Data section:
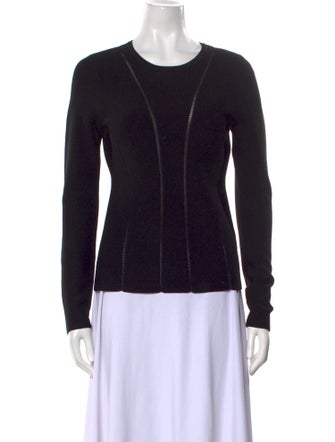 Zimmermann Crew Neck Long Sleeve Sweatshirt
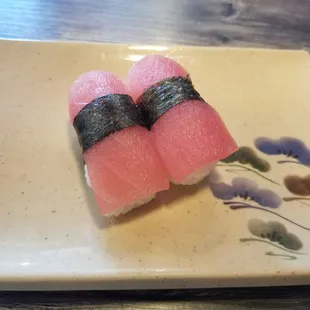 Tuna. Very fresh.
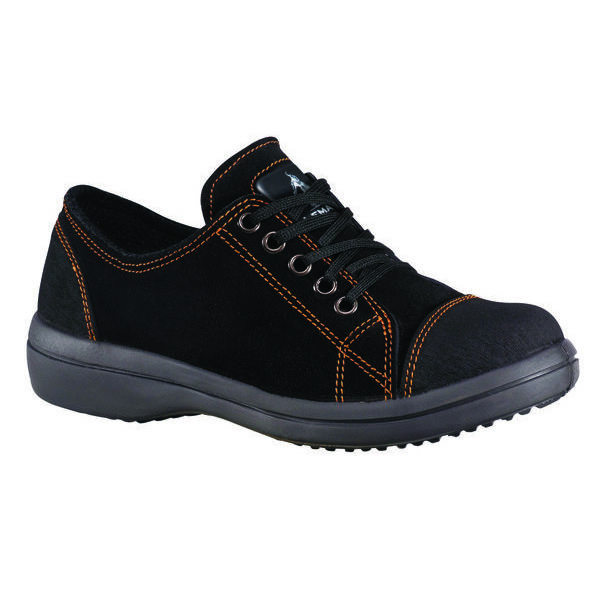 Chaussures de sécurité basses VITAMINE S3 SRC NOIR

Exercise instructions: Please give the material above again in full, with no pictures in your version.

Result for this task:
 Zimmermann Crew Neck Long Sleeve Sweatshirt
 Tuna. Very fresh.
 Chaussures de sécurité basses VITAMINE S3 SRC NOIR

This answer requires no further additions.